O filme, que abrange de 1961 a 1965, traça de forma discreta o panorama político americano da época (a crise dos mísseis de Cuba, a morte de John F. Kennedy, um icônico discurso de Martin Luther King em que Bob Dylan estava bem próximo assistindo), mostra o processo de criação de algumas canções clássicas de Dylan e um triângulo amoroso entre Dylan, Joan Baez (Monica Barbaro) e Sylvie Russo (Elle Fanning).
A personagem vivida por Fanning teve o nome alterado: na verdade, a Sylvie Russo é Suze Rotolo que foi a 1ª namorada de Dylan quando ele chega a NY.
Foi Suze (a Sylvie, no filme) quem instruiu o músico politicamente, pois ela era envolvida em causas políticas e trabalhava no Congresso de Causas Raciais na época em que se conheceram (1961).
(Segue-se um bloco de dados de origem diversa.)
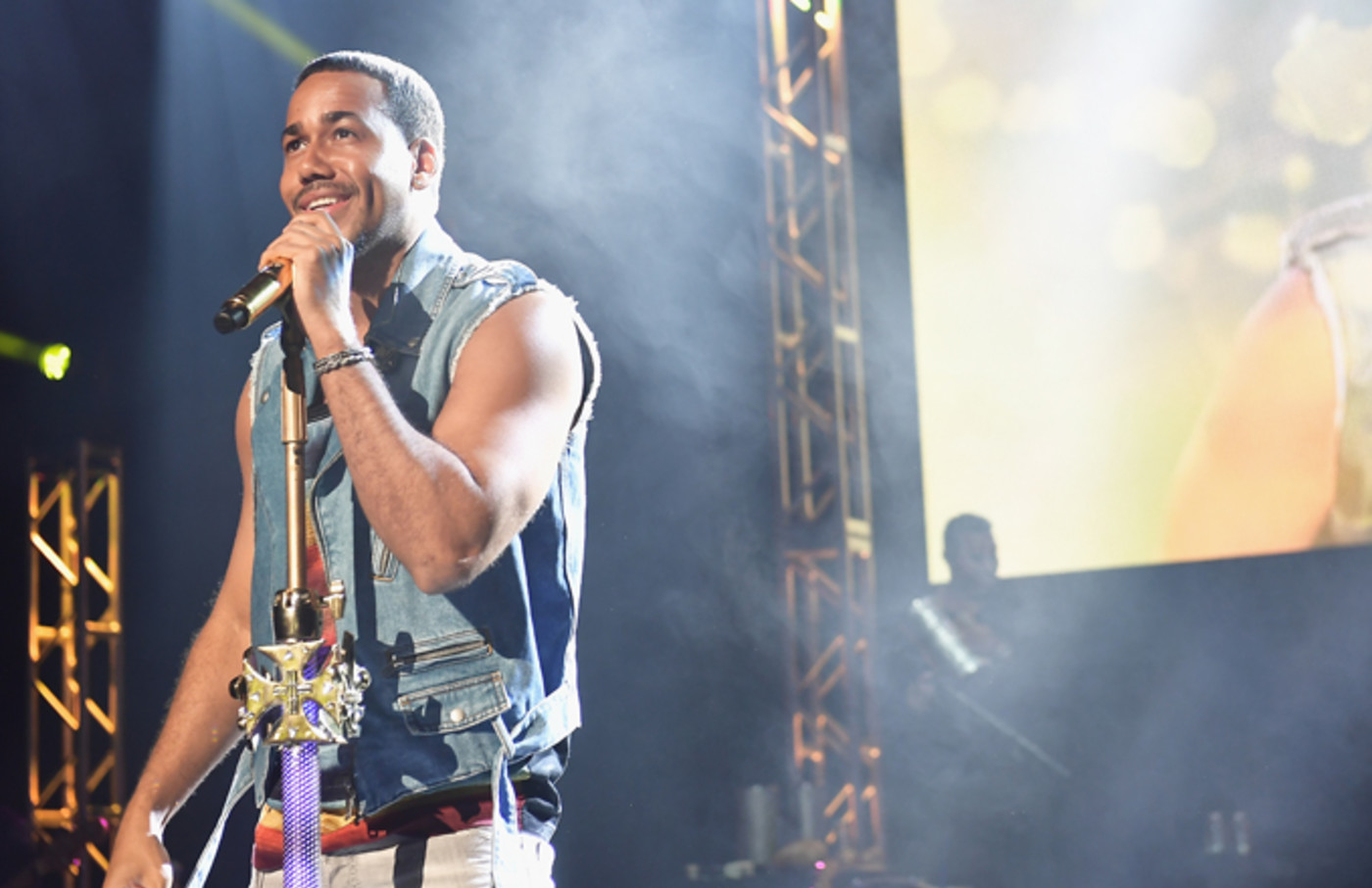 How Romeo Santos Blew Up Without Pandering To A Crossover Audience Complex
Para Bob Dylan, assim como fazia o “camaleão” David Bowie, por exemplo, um artista deve estar em estado constante de transformação, sem se amarrar a rótulos que empresários, fãs ou críticos tentam lhe impor, por isso é tão crível a sua transição do folk para a guitarra elétrica.
O filme mostra algumas passagens do jovem Dylan observando apresentações de outros artistas (seja da cena folk ou não) e o espectador percebe que ele está muito mais do que simplesmente assistindo, na verdade, ele está absorvendo e apreendendo algo novo para usar ao seu próprio estilo e gosto.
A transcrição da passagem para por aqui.